This is the 21st in a series of WorkCite articles concerning the Patient Protection and Affordable Care Act and its companion bill, the Health Care and Education Reconciliation Act of 2010 (referred to collectively as the Act). This WorkCite deals specifically with the need to amend most health flexible spending arrangements (health FSAs) and health reimbursement arrangements (HRAs) by June 30, 2011, with respect to reimbursements for the purchase of over-the-counter (OTC) medicine and drugs.
Prior to 2011, the cost of OTC medicines and drugs were medical expenses that were eligible for reimbursement from group health plans. The Act, however, amended the definition of "medical expenses" in the Code for these purposes to permit the reimbursement of funds used to purchase OTC medicine and drugs only where the individual has a prescription or is purchasing insulin.
Comment: The IRS has issued Notice 2010-59 and IRS Notice 2011-5 providing guidance on the implementation of the new rule. See "McGuireWoods Healthcare Reform Guide: Installment No. 12" and "McGuireWoods Healthcare Reform Guide: Installment No. 16" for our detailed reports on these Notices.
Therefore, if plan documents for a health FSA or HRA permit reimbursement of expenses for OTC medicine and drugs without a prescription, the documents must be amended. The general effective date for this change was January 1, 2011 and January 16, 2011 for health FSA or HRA debit card transactions.
PLAN DOCUMENTS MUST BE AMENDED TO REFLECT THE CHANGE NO LATER THAN JUNE 30, 2011.
As we noted in our previous WorkCite installments on this issue, employers must make a choice on how to comply with the new rule.
- Permitting Reimbursement. The employer may simply amend the plan document and employee communications to provide that all expenses for medicine and drugs (with the exception of insulin) will not be reimbursed without a prescription.
- Not Permitting Reimbursement.

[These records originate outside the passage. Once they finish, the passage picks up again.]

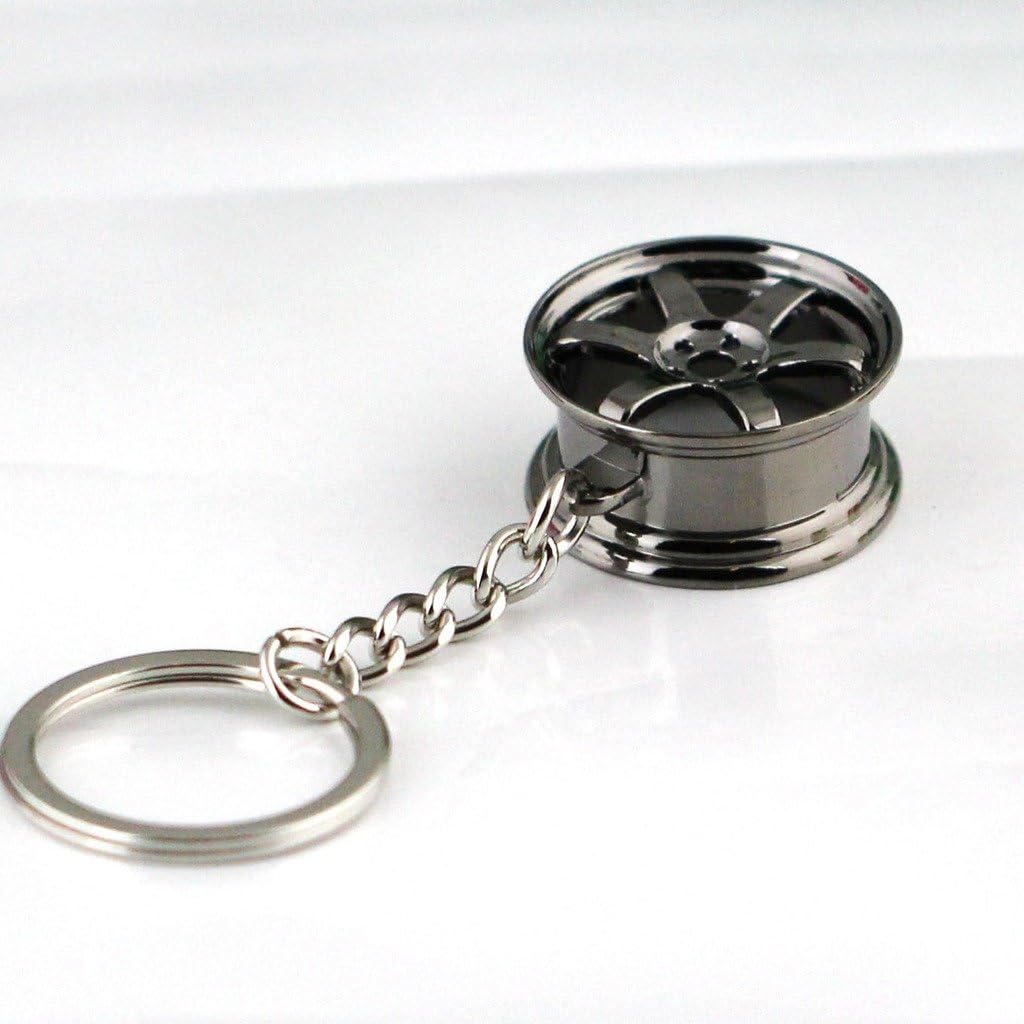 Sanshaos Men's A Car Keyring For Hyundai Bayon I 2021-2024, Car Key Chain For Nd Wo Car Ccessories Fob Replacet Business Gifts,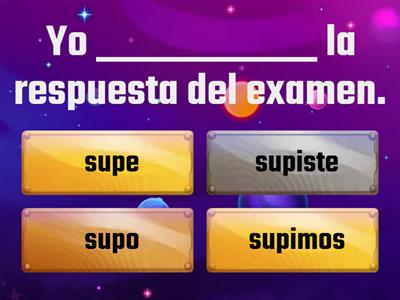  SABER en pasado simple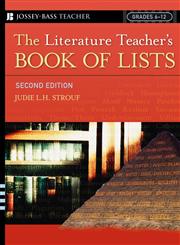 The Literature Teacher's Book of Lists,0787975508,9780787975500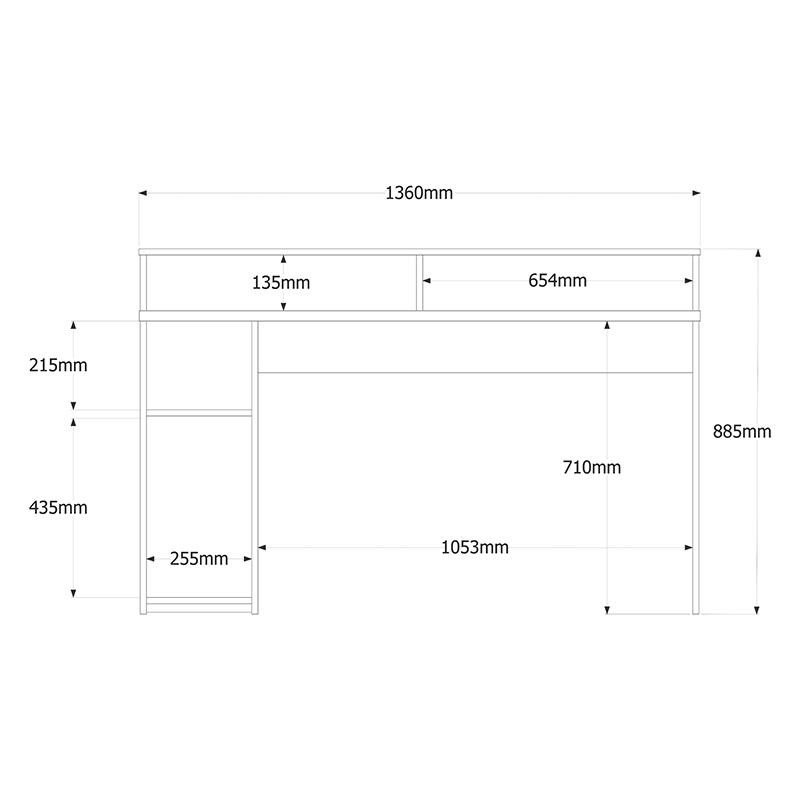 Mesa para Computador Gamer Strike Preto/Vermelho - PR Móveis ...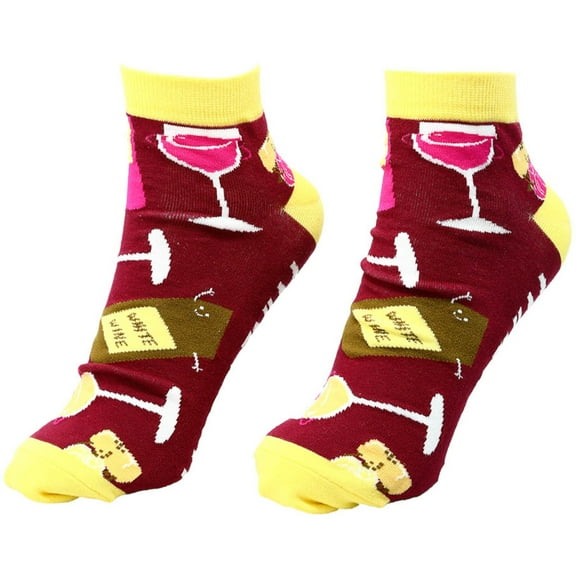 Pavilion Gift Company - Wine - Cotton Blend Ankle Socks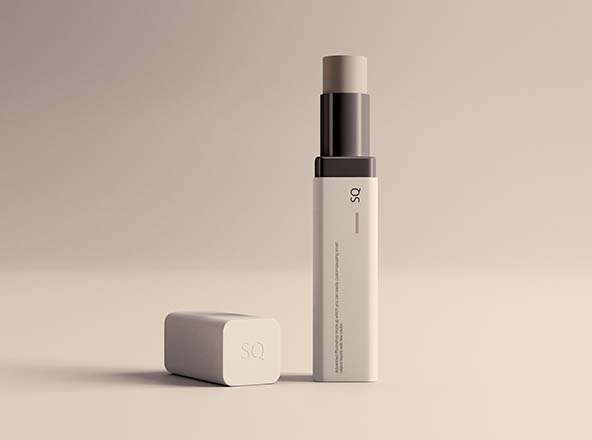 唇膏外观设计效果图样机模板 Lip Balm Mockup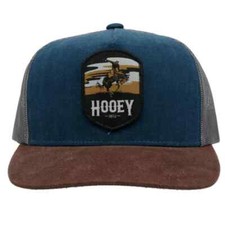 HOOEY Cheyenne Navy White Mesh Snapback Trucker 2144T-NVWH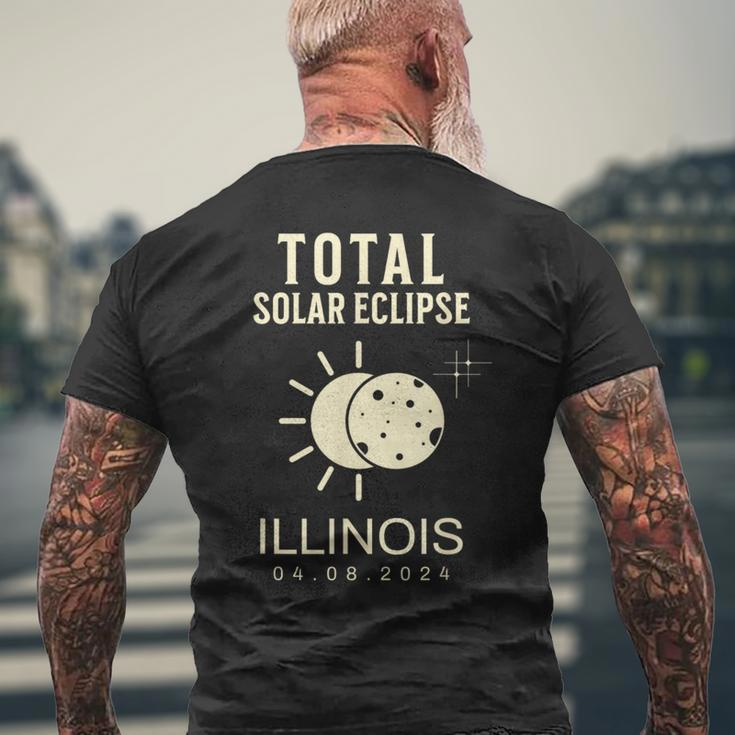 Total Solar Eclipse 2024 Totality Illinois April 8 2024 Men's T-shirt Back Print Gifts for Old Men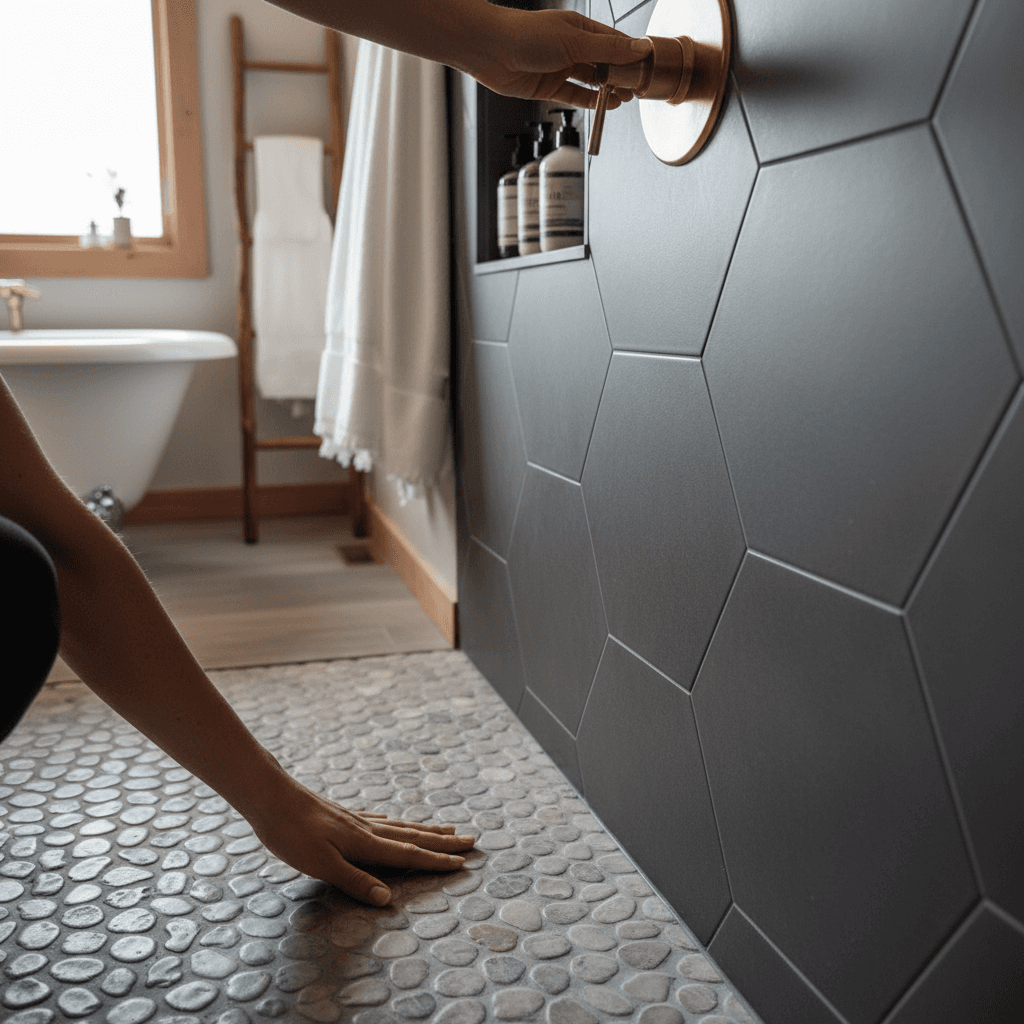 Professional bathroom renovation project by RenoHouse in Georgetown — bathroom contractors near me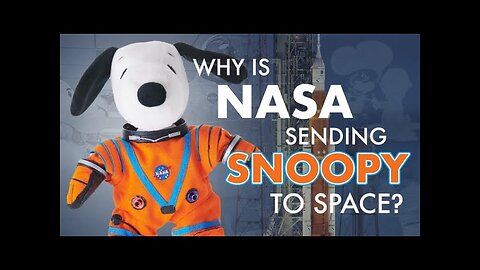 Snoopy is Going to Space on NASA's Artemis I Moon Mission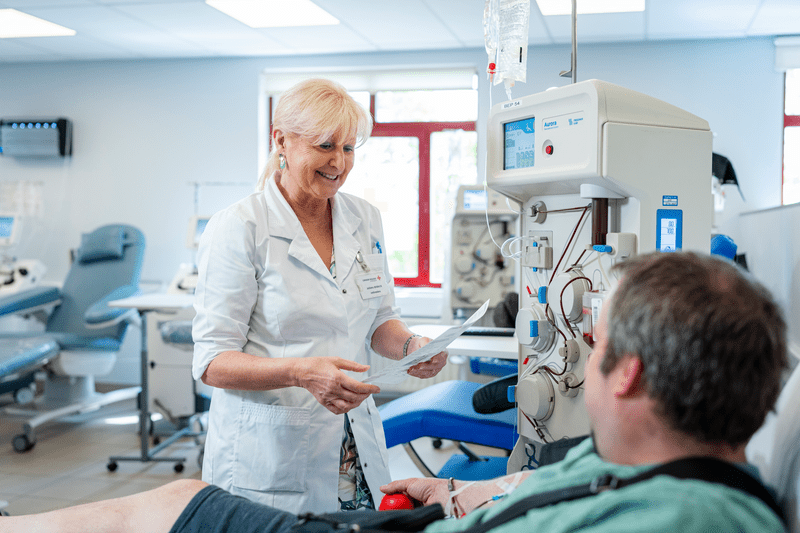 Une collecte de sang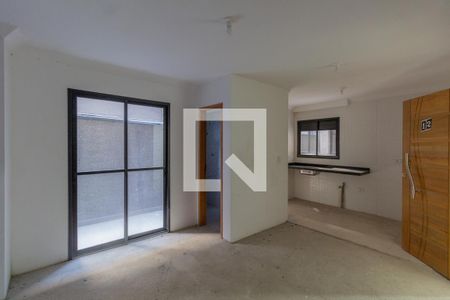 Sala e Cozinha Integrada  de apartamento à venda com 2 quartos, 55m² em Jardim Nordeste, São Paulo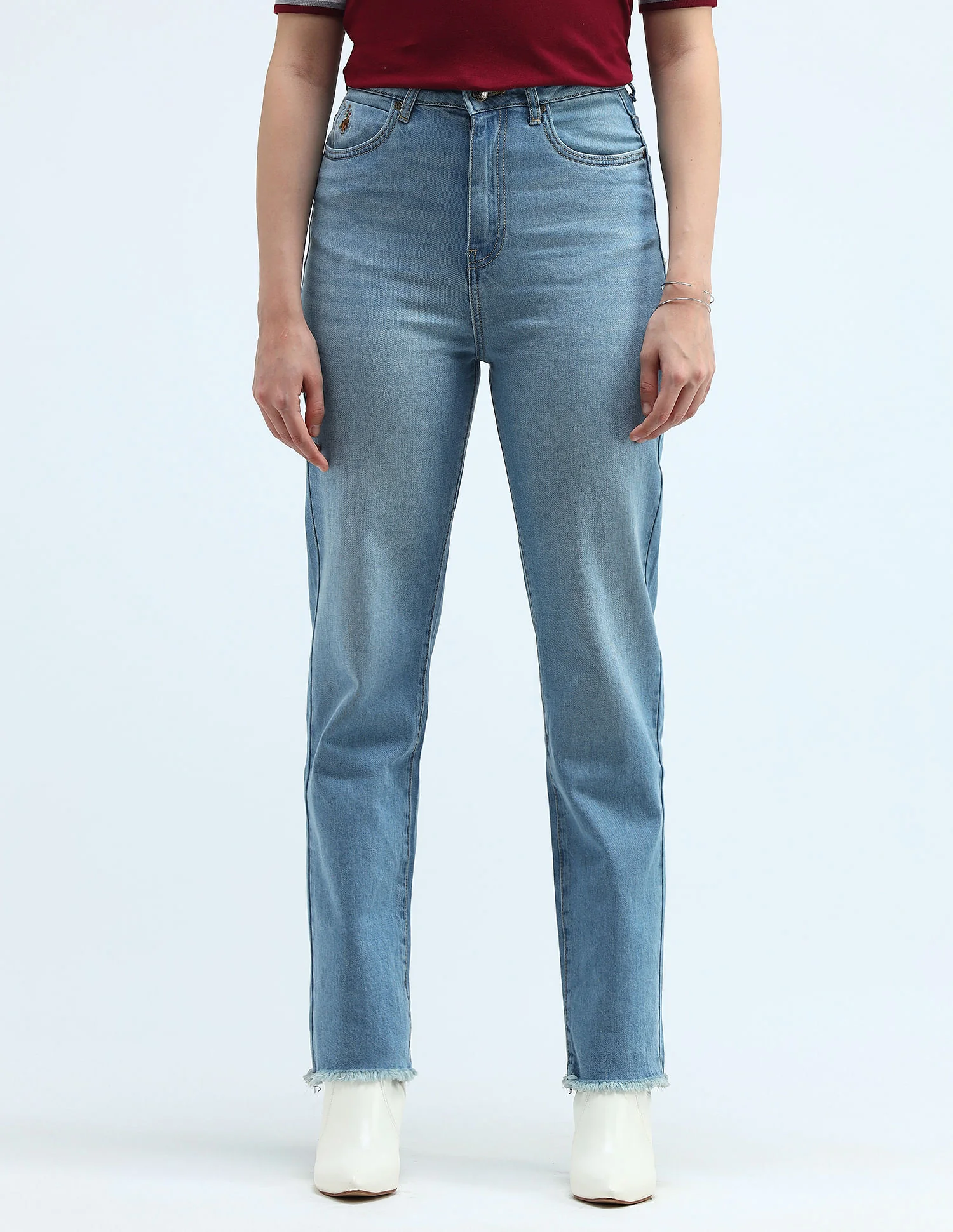 High Rise Straight Fit Jeans - Image 6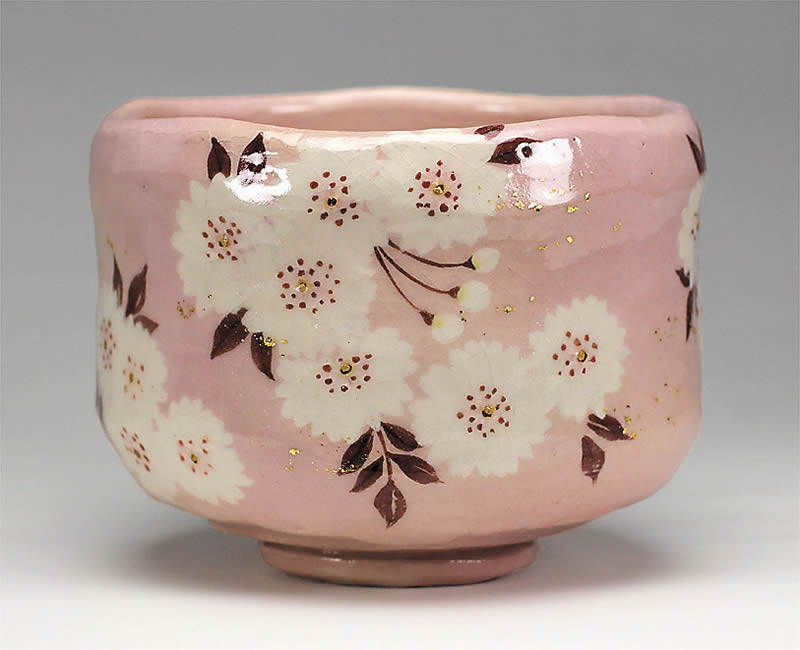 茶碗「八重桜」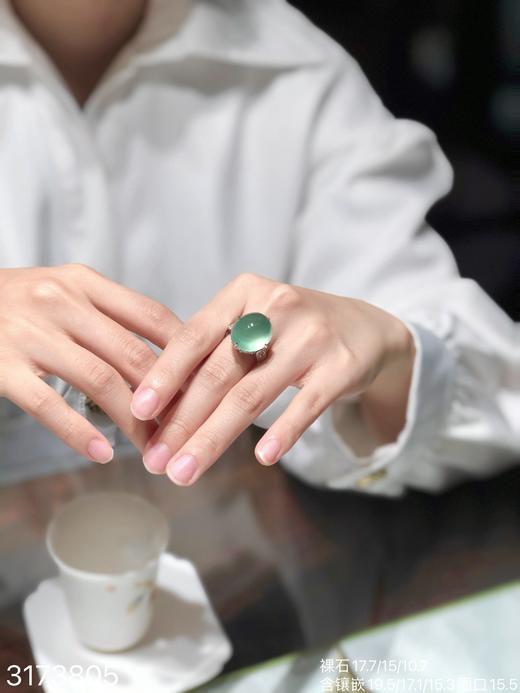 玻璃种蛋面戒指【3173805】具体价格微信咨询 商品图4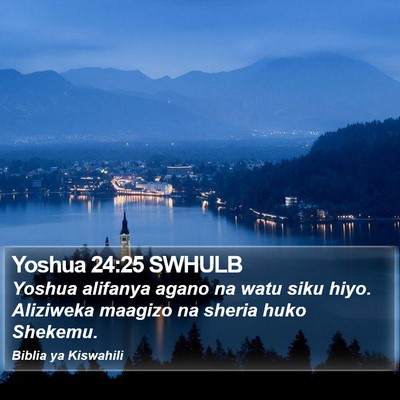 Yoshua 24:25 SWHULB Bible Verse Image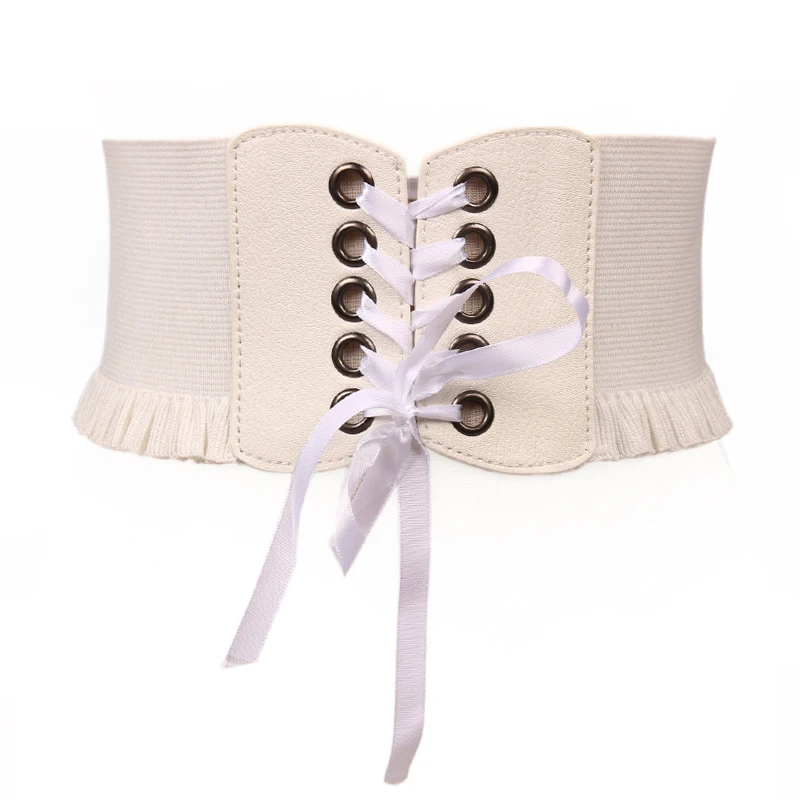 Fashion Women Lady Stretch Buckle Waist Belt Wide Elastic Corset Waistband Corset Around Cinch PU Leather Tie Bowknot
Fashion Women Lady Stretch Buckle Waist Belt Wide Elastic Corset Waistband Corset Around Cinch PU Leather Tie Bowknot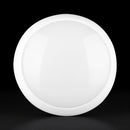 8W/16W/20W(1100–2700Lm) LED kupolveida gaismeklis ar avārijas funkciju un mikroviļņu sensoru, V-TAC VT-8633, SMD CREE, 135Lm/W, IP54, IK08, balts, Ø320x100mm, 110°, 3 gadu garantija, CCT 3in1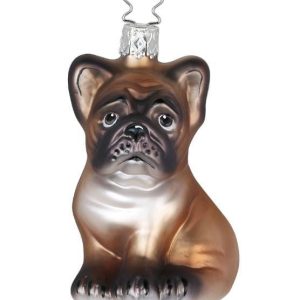 Kerstbal Bulldog Puppy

In the alternative, the employer may amend those documents to provide that no expenses for OTC medicine and drugs will be reimbursed, even if the participant obtains a prescription.
Comment: Employers should consider that, in many instances, the overall cost of acquiring a prescription for an OTC medicine or drug may be far greater than the participant’s savings from using his or her health FSA or HRA. Many physicians now charge for providing prescriptions based on telephone calls or email. In addition, some states require physicians to consult with the patient in person before issuing a prescription. In either case, the cost of these additional services to the employer and its plan may be considerably more than the participant’s savings on a $4 bottle of aspirin.